To say a whole-hearted yes to God is to see the world as God does, to see it and respond in godly love. To say yes to God is to let our hearts be broken by the woundedness of the world, just as surely as God’s heart must be broken by what we have done to each other and God’s good creation. It is to see the pain of the other and feel it so deeply within that it becomes our own.
It is to be able to take what one holy man has called a “long loving look at the real.” And when we see the world that way, with the eyes of our heart, through the eyes of God, then we are compelled to act to bring peace, healing, hope, comfort, love. And those actions can take as many forms as there are human hearts: praying, engaging in acts of service, promoting justice, working toward inclusivity and acceptance, giving of our time and treasure, building houses and serving soup and tutoring ten-year-olds.
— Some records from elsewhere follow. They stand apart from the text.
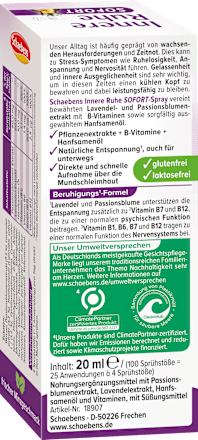 Innere Ruhe Sofort-Spray  Schaebens
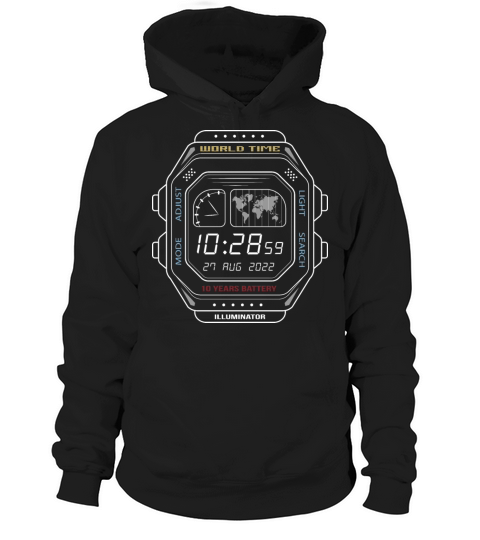 Vintage digital watch clock screen Hoodie Unisex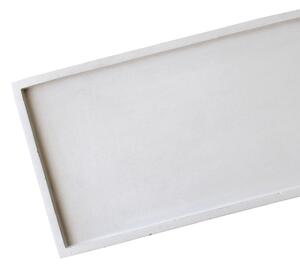 Da Vinci - betonový tác – bílá, SET 30,5 x 21 cm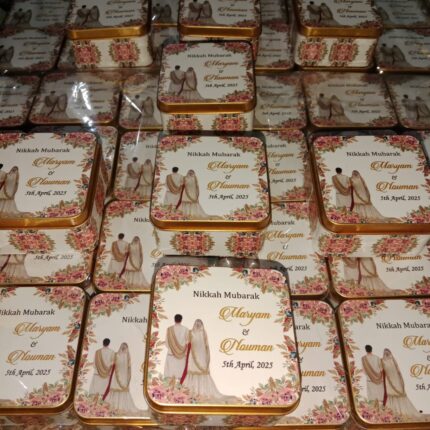 Square New Tin Bid Boxes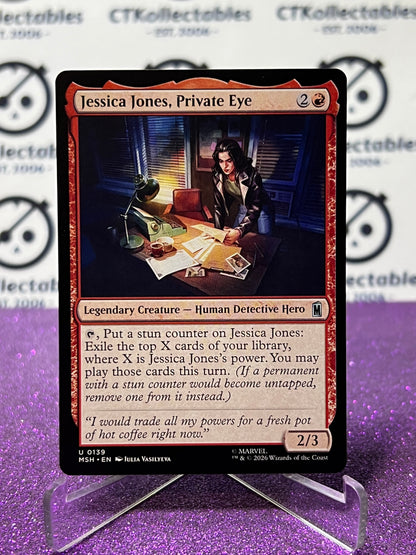 2026 MAGIC THE GATHERING / MARVEL SUPER HEROES JESSICA JONES, PRIVATE EYE # U 0139  NON-FOIL CARD
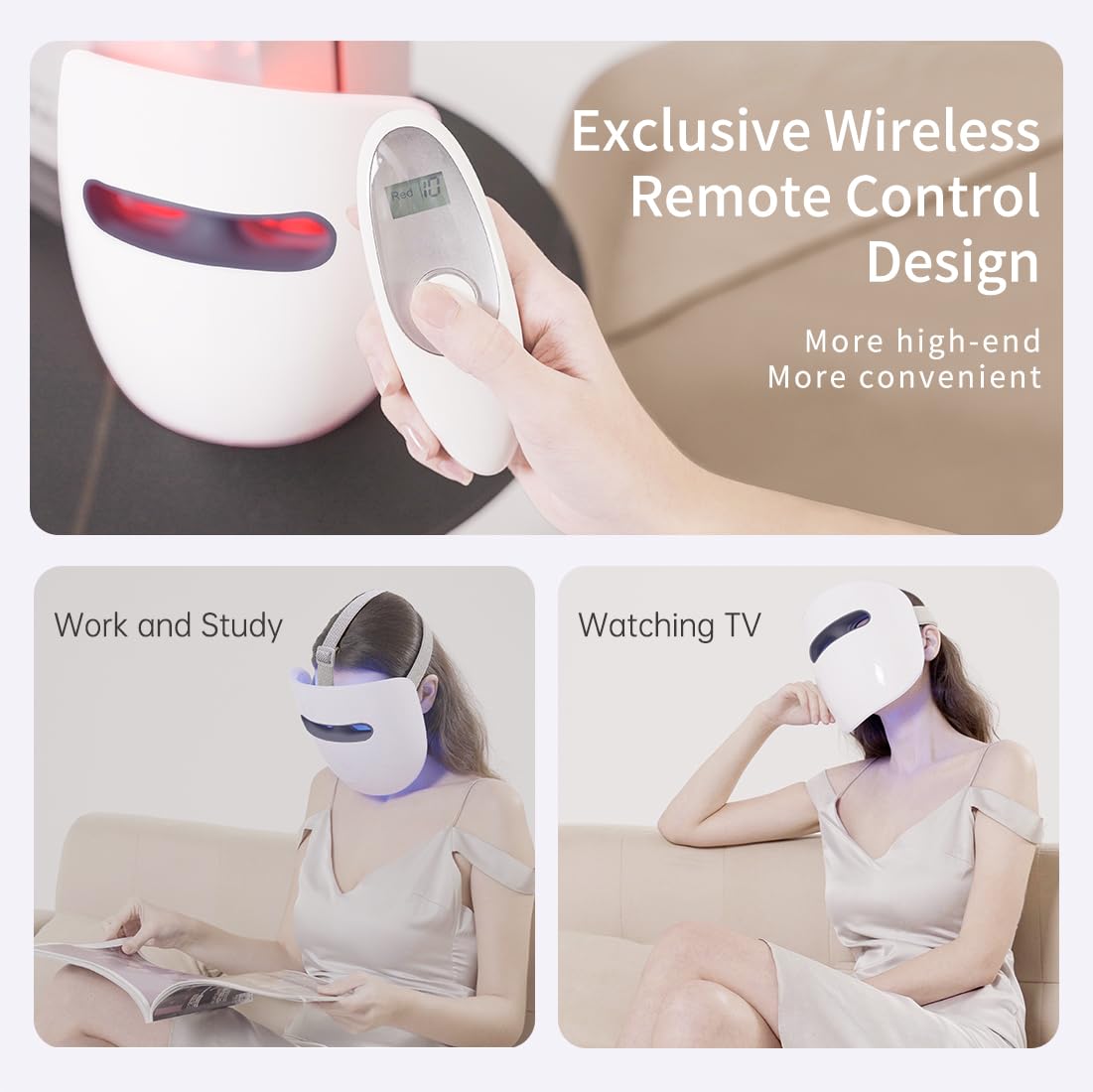 HIME SAMA one-touch control illustration emphasizes simple, quick session setup.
And these labors of love, like God’s new covenant, must be unilateral and unconditional. They do not depend on reciprocity. They do not even have to be successful, at least not in the world’s terms – they only have to be faithful.

This is what means to know God. Having this heartfelt knowledge of God is to live a godly life, to live from the heart where God dwells. And when we let our own hears break, as maybe God’s heart also breaks, as Jesus’ heart broke, then we come to know God fully.

The rabbis note that God writes the word, the law, on our heart, not in it. Then, they say, when our heart breaks, the word falls in. Absent the heartbreak, the word is never internalized as completely. But no matter what, we are always loved, we are always held in God’s heart. And we come to the heartfelt knowledge of God, when we allow God to enter our hearts as fully as we have entered God’s.

This is the new covenant – not a contract, not the result of our negotiation with God, not even our decision to participate – but rather God’s unilateral unconditional action to love us, no matter what. You can know this for yourself. You can know God, in your own heart. Just say yes. And God will be our God and we will be God’s people.